Following a police investigation in which two police officers delved deep into the nature of the market place and the type of goods and services that were being sold, Mr. Ulbricht was charged with money laundering, computer hacking, conspiracy to traffic narcotics, and procuring murder.

The charge of procuring murder was removed from the indictment although the evidence was factored into Mr. Ulbricht’s sentence. Mr. Ulbricht was convicted of all the remaining charges after a jury trial that concluded in February 2015 and he was sentenced to life imprisonment without the possibility of parole on 29 May 2015.His lawyers submitted an appeal on 12 January 2016, centered on claims that the prosecution illegally withheld evidence of DEA agents’ malfeasance in the investigation of Silk Road, for which they were convicted. The oral hearing for the appeal was 6 October 2016.

The prosecutor believed that none of the six contracted murders-for-hire occurred despite Mr Ulbricht having paid $730,000 to have them done.

A charge of procuring murder is to be dealt with in a separate pending trial in Maryland and Mr.

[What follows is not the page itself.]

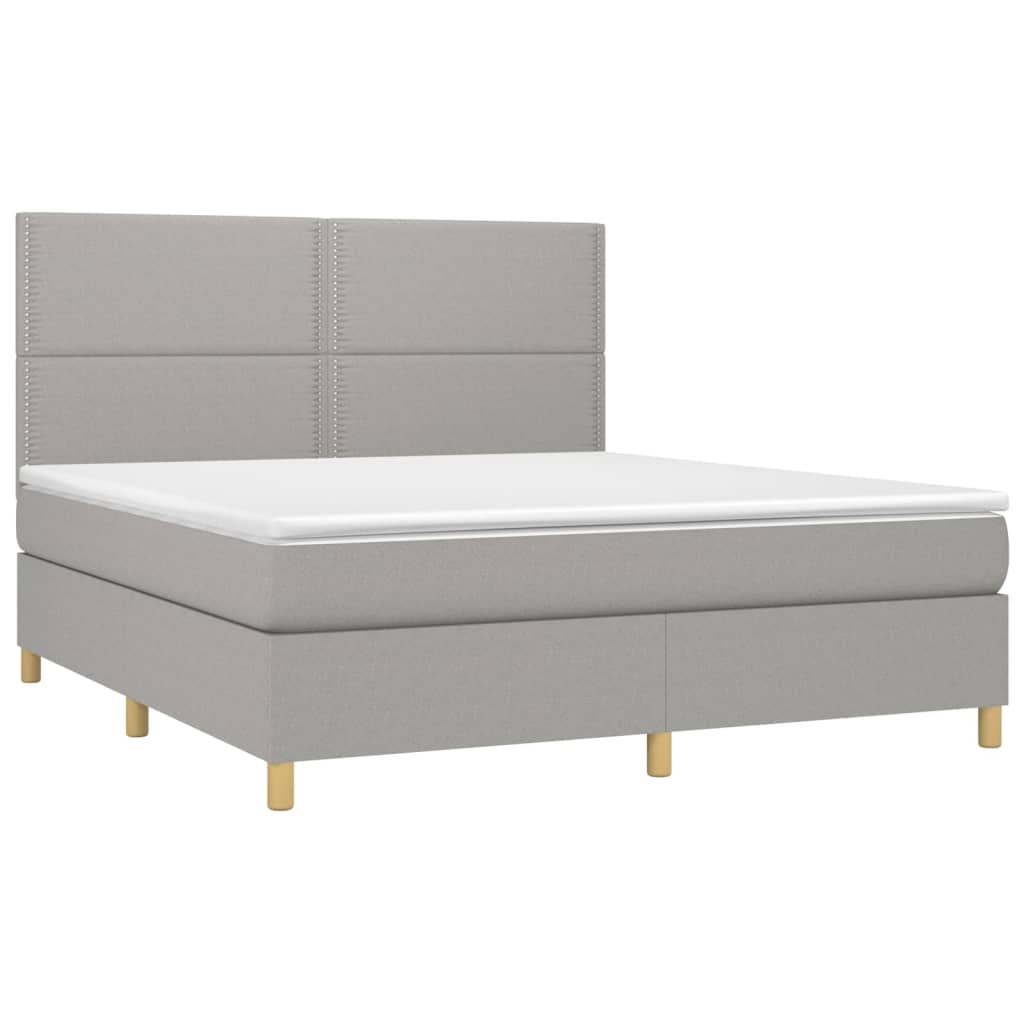 vidaXL Cama com molas/colchão 160x200 cm tecido cinzento-claro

Ulbricht is currently serving his life sentence at the Metropolitan Correctional Center, New York.

At the time of the government’s seizure of the Silk Road website, US authorities confiscated $3.6 million worth of Bitcoins, at the time equating to the amount of 144,336 BTC, which was discovered at Mr. Ulbricht’s home stored on computers and various hard drives. Court documents at the time demonstrated that an amount close to $1.2 billion worth of Bitcoin had been committed to transactions on Silk Road since the firm began its operations in 2011.